You are truly amazing at what you do, and I am extremely lucky that you put your hand up in the nick of time.
To my husband, as always, because every time I sat down to write, edit, or work on my blog, you never once asked me not to. You were just happy to be in the same room.
I love you and us for that.
“I can’t believe you just asked me that,” Shelly fumed, hands on hips, mouth open.
“Why? Come on, Shel. It’s not like you don’t have the money. Three-thousand dollars is nothing,” Adam pointed out as he sat on the couch looking at her.
Shelly took a deep breath and turned around to walk into the kitchen.

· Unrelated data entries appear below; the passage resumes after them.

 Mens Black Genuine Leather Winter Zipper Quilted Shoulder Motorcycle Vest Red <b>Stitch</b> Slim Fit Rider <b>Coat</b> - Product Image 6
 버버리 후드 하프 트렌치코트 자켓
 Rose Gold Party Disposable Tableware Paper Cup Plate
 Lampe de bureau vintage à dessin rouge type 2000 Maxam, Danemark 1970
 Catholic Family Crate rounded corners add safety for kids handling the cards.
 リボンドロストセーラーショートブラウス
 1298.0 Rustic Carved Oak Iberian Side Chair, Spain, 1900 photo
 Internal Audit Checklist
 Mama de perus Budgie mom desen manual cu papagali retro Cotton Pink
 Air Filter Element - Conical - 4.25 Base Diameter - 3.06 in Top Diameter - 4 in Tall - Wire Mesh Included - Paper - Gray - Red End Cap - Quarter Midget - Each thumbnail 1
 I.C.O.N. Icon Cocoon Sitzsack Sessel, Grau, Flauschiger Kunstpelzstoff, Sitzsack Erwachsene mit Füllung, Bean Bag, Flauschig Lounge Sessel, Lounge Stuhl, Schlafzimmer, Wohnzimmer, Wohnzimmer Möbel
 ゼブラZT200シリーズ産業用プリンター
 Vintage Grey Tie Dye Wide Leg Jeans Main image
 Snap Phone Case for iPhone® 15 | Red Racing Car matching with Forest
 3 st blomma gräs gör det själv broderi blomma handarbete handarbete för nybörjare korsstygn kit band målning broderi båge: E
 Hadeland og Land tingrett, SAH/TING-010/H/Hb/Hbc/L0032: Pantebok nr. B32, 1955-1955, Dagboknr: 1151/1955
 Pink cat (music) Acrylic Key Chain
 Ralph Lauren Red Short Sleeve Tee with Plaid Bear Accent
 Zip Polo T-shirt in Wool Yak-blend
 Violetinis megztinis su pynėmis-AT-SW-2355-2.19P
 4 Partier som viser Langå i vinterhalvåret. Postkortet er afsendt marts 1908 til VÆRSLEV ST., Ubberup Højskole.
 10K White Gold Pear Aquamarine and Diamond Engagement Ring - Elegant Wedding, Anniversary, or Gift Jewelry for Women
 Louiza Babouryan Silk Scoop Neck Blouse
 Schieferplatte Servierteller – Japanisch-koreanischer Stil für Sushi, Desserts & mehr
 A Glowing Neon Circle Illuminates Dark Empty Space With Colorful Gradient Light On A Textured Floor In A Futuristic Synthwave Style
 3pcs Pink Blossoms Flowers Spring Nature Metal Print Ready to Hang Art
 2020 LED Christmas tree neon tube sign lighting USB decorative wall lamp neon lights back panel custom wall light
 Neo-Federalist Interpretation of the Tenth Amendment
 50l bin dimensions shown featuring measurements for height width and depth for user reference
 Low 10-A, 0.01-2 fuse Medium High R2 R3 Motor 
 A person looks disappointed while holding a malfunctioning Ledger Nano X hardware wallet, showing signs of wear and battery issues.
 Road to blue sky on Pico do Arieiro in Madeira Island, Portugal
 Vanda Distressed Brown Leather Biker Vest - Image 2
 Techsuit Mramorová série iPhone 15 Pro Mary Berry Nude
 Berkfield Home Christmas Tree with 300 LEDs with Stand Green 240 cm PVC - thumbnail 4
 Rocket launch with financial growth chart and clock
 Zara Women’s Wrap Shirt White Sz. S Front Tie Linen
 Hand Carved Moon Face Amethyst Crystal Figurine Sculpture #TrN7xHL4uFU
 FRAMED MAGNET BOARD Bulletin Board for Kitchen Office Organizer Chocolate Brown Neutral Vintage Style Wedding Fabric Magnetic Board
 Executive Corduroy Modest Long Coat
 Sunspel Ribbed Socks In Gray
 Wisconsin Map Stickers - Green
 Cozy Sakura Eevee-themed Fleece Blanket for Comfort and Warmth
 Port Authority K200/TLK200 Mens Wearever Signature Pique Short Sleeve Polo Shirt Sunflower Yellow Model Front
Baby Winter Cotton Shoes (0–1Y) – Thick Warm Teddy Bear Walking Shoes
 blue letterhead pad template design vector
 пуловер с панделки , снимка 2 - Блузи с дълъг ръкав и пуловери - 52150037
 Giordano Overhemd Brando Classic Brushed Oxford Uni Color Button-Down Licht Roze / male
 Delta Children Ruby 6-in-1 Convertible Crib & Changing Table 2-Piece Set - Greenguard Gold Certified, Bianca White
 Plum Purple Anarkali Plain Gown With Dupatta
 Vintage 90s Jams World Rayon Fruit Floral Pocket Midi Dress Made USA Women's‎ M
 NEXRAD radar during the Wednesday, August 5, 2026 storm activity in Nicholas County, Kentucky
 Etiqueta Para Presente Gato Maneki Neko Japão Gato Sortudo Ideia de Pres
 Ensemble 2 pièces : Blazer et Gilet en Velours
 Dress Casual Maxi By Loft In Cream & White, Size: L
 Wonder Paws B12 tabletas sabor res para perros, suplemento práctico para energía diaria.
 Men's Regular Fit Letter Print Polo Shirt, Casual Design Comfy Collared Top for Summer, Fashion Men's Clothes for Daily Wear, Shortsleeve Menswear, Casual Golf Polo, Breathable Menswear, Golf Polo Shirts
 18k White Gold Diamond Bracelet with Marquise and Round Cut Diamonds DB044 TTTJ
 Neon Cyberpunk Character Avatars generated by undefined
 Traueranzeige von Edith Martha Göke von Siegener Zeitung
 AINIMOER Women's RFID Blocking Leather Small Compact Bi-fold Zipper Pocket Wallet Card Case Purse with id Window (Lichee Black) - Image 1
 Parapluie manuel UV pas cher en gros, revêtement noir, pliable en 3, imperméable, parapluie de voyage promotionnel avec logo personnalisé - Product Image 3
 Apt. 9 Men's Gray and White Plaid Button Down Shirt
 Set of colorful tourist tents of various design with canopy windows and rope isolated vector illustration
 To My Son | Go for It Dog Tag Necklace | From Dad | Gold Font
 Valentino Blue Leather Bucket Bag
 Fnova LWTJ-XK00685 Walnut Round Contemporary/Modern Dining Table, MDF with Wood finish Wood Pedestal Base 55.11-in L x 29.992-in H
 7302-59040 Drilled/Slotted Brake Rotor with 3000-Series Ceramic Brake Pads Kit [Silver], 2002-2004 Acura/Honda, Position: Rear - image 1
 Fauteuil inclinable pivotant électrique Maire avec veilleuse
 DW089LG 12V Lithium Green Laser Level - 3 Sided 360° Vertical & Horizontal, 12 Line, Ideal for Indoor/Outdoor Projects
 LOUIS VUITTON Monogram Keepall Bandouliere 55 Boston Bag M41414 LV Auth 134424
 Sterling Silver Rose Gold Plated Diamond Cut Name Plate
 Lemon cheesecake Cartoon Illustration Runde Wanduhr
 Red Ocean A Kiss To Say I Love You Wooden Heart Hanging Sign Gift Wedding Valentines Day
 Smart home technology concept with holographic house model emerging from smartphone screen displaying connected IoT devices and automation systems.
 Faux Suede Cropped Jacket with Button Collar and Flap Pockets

When she got there, she spotted the knife block, thinking
better not tempt myself
, and made her way to the window instead.
After two years of bailing out her wanna-be-entrepreneur-slash-inventor boyfriend, she’d finally snapped at his latest idiotic idea.
Up until now, most of his “inventions” had been semi-plausible, and she’d been able to convince herself that he’d make enough money one day to pay her back. However, several thousands of dollars later, she was still out the cash, and he was
sitting at home on
couch, cooking up the next million-dollar idea. According to Adam, the latest and greatest was “The Auto-Toss,”
a moronic invention with “Want your salad tossed for you?” as the catchy slogan.
Really? Is he serious? Did he even realize the double entendre there?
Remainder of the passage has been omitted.